Although, I don’t live anywhere near an ocean and my Metro area has one of the lowest unemployment rates and highest quality of life. Doesn’t stop people from whining about the taxes here though.
But what about brown people and abortions? The democrats never promised to get rid of those. Checkmate, WWTH.
Oh for goodness sake when will we see an end to the parade of charlatans these days pretending to be on the side of “average hard working people”?
(I hate to think it, but the answer might be “when that strategy stops winning them support.” x_x )
@WWTH
Nailed it exactly. They went all in on the casino economy and they lost. Liberals told ’em they’d lose, but they called us “big government tax and spend libtards” and proverbially spat in our faces with their votes for Reagan, Bush the Smarter and Bush the Dumber.
I really have no solution for somebody who punches themselves in the face and then blames the guy saying there’s an alternative to punching yourself in the face. Not only that, but they’ll follow up with “You’re the reason I’m punching myself in the face. And I’m going to keep doing it because eventually I’m going to collapse on a black person and injure them worse.” Of course that second part is subtext they’ll never admit to, but they creep ever closer to just saying it aloud.
Gussie Jives: “I can grant that you personally might not have done anything racist, but I can’t take away the fact that you voted for the candidate endorsed by David Duke and the Ku Klux Klan. I simply can’t take that away from you.”
Umm, Gussie — Trump did not ask for or benefit from Duke/KKK endorsement. A candidate usually cannot control who endorses him or her. George H.W. Bush recommended the area’s voters vote Democrat back when Duke was running for public office.
I am more likely to hold a candidate endorsed by teachers unions, BLM, “identity politics” advocates, and criminals (such as convicted murderers like Donna Hylton, an honored guest at the Womens March on DC).
It’s too bad you, Gussie, are less concerned about the abolition of the First Amendment on most college/university campuses, intimidation and harassment of dissenters by Soros or union-backed and funded “progressive” groups, politically monolithic arts (Hollywood), software (remember poor Brendan Eich), and mainstream media (I’m still waiting to read about Dianne Feinstein’s billionaire husband being awarded a near billion dollar transportation contract from the state of California).

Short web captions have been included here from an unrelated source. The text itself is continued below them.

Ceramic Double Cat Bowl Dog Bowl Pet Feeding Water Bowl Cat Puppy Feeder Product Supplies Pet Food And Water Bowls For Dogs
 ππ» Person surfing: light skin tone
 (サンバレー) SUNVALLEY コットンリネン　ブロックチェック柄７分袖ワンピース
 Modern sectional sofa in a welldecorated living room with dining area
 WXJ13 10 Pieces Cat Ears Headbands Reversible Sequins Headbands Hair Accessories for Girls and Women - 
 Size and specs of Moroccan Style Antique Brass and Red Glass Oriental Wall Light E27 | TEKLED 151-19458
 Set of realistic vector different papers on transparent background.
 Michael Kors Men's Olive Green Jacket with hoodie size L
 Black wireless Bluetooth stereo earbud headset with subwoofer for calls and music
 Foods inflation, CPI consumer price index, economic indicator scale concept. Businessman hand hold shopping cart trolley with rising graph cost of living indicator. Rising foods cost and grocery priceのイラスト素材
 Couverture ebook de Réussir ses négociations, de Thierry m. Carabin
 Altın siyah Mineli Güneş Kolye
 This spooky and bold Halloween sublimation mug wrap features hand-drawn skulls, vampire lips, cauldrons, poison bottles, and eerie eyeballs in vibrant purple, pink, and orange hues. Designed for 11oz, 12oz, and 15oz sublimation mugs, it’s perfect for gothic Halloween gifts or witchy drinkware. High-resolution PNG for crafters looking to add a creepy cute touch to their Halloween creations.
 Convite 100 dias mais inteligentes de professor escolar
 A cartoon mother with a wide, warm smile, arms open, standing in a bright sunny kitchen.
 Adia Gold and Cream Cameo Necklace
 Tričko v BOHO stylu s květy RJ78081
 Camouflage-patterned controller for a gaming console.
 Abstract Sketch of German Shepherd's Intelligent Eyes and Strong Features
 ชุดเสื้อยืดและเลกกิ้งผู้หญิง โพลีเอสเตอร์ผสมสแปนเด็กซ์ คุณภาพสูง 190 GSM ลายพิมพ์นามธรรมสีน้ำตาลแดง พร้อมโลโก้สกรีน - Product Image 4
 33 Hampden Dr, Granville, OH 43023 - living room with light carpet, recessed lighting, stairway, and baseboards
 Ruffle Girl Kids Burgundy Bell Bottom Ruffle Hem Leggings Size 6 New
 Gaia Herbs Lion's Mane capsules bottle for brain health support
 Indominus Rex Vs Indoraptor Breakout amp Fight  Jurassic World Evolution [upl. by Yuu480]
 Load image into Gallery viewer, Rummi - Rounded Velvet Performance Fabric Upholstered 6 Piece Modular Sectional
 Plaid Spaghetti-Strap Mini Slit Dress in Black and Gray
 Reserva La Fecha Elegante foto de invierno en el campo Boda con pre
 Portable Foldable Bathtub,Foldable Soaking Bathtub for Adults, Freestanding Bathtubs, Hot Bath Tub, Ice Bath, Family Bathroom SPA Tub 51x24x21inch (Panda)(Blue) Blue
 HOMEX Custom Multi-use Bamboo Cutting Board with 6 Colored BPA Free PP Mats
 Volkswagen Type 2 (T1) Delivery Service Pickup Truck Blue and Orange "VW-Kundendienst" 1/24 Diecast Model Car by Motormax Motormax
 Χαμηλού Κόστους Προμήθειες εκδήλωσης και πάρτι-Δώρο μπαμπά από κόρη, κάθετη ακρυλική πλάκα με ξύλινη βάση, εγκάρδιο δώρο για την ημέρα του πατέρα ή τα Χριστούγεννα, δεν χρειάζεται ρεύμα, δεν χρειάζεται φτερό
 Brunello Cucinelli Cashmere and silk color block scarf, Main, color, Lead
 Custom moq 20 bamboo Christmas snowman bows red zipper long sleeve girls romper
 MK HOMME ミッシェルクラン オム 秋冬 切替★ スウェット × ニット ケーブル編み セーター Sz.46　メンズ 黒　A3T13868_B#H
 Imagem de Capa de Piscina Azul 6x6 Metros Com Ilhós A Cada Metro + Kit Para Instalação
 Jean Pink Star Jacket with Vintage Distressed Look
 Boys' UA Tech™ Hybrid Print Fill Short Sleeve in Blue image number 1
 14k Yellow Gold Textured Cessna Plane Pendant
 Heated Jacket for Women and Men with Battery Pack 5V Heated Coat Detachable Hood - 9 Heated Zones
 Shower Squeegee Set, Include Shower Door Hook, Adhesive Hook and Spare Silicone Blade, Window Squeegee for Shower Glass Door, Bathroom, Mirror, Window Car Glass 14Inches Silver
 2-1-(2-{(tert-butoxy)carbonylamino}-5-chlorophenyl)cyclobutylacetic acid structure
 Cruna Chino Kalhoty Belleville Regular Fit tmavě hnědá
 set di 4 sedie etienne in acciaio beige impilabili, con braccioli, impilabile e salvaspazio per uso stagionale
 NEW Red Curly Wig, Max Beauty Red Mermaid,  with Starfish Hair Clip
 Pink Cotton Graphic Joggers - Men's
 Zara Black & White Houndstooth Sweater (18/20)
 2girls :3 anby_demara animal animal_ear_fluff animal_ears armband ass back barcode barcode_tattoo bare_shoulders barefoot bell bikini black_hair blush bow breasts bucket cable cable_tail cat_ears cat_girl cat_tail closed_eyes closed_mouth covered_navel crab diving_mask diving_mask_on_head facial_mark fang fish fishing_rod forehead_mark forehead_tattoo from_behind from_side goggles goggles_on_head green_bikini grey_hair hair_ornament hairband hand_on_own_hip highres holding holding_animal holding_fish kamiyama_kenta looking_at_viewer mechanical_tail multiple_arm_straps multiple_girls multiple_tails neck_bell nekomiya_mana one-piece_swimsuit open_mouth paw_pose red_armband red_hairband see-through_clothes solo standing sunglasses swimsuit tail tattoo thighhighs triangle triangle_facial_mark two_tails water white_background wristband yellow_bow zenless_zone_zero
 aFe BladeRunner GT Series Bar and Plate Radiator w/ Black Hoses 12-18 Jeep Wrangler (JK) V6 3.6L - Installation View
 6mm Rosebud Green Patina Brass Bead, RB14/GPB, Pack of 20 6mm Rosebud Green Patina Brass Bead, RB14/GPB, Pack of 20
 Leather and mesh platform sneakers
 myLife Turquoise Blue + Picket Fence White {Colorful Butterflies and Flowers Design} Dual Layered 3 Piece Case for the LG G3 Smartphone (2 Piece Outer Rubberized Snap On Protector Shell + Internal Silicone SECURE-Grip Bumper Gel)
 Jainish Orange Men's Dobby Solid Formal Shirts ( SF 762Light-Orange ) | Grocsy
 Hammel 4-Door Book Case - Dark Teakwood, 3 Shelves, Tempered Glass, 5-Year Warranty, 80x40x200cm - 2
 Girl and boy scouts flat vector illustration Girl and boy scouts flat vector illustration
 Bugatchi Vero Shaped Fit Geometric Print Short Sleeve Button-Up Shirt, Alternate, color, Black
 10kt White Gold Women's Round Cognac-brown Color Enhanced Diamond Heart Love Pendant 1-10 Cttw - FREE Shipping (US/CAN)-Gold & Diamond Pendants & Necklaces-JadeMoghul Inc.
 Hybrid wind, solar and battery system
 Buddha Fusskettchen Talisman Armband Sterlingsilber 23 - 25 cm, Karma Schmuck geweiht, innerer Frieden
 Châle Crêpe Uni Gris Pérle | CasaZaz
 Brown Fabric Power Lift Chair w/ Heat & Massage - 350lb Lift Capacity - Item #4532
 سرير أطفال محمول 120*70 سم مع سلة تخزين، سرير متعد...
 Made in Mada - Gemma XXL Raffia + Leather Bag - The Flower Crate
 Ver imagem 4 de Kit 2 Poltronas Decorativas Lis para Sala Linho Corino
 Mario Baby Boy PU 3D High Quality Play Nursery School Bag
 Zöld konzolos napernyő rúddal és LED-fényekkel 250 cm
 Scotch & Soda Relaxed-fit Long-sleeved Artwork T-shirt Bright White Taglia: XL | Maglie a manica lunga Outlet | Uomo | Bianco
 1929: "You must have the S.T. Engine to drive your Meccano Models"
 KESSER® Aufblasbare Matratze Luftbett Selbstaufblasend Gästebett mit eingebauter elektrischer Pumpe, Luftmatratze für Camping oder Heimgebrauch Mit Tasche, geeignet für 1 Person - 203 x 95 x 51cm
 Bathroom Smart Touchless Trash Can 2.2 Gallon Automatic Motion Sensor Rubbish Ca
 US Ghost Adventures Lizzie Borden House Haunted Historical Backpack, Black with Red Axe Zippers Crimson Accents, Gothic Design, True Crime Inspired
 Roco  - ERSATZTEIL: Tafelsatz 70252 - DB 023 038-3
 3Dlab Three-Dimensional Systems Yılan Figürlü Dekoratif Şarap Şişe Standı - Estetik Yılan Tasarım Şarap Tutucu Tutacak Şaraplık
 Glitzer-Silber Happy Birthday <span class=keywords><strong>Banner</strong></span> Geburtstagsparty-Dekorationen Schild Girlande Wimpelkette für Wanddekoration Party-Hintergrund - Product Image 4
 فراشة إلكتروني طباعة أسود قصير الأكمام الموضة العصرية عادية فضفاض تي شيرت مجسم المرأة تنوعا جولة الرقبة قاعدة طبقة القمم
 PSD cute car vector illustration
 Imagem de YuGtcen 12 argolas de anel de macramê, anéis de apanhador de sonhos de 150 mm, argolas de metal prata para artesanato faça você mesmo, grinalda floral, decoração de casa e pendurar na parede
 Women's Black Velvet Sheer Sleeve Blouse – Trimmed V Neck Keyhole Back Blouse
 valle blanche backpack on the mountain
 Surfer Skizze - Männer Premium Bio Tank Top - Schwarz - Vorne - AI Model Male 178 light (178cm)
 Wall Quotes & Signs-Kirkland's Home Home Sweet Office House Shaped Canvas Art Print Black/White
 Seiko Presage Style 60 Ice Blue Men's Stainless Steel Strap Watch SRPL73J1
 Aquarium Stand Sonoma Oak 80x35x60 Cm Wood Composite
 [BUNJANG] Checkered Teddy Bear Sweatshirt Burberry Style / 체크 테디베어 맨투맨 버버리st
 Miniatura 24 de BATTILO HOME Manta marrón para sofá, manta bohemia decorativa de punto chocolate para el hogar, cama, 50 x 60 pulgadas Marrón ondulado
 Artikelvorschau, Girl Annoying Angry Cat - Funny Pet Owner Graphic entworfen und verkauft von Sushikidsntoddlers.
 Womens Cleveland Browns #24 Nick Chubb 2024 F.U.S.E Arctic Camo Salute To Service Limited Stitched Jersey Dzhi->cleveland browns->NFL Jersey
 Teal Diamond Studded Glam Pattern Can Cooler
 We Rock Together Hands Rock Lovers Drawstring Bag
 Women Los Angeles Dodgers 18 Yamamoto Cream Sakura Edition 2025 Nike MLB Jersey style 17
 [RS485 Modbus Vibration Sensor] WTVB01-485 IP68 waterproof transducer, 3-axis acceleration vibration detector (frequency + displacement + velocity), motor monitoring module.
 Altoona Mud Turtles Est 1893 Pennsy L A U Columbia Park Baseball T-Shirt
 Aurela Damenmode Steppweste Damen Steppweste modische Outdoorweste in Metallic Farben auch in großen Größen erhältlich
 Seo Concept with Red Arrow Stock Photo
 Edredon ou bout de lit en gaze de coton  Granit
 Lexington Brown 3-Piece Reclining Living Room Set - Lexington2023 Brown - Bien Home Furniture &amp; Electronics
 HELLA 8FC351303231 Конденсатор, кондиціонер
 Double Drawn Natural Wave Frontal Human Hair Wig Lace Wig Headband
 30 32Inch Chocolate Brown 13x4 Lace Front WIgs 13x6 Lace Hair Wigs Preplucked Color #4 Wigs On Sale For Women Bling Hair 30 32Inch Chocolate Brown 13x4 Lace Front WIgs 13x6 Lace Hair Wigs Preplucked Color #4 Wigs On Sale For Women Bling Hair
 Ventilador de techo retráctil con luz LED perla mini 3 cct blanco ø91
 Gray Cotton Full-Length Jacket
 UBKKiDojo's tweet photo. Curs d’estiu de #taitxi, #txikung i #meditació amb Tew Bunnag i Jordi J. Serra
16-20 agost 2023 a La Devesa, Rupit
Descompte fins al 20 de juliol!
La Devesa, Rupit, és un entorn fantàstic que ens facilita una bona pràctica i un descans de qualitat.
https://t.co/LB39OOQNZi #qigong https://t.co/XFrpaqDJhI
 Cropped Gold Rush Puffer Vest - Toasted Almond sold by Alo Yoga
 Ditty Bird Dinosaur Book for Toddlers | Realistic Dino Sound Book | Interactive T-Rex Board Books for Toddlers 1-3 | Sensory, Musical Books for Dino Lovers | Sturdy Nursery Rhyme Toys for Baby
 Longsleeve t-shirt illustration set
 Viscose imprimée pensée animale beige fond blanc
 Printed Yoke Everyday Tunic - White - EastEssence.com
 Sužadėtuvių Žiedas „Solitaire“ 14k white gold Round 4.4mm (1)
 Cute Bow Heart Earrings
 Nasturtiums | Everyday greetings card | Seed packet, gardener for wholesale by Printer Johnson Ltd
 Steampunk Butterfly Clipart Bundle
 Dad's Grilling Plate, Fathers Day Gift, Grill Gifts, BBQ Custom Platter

Too bad when I read on Facebook about Trump supporters who have been, not only defriended but disowned by relatives and friends (even friends of many years).
But I am happy Trump won. I would rather John Kasich, Scott Walker, Mitch Daniels or Mitt Romney were POTUS (not that that woukl do anything to assuage the mindless, nihilistic, hypocritical hatred on the left). But he (or Pence) will have to do. To reward Evita Clinton for her decades of lies, sleaze, hypocrisy, and scandal, was a no go.
Gussie Jives,
Yeah, if people keep talking about how much better things were in the 50s and 60s but start ranting about socialism when you suggest the economic policies that were in place ( unions more encouraged, high taxes on the rich, big infrastructure spending, New Deal financial regulations still in place) should return, what else are we supposed to think you want besides everyone who isn’t white, Christian, cishet and male being put in their place?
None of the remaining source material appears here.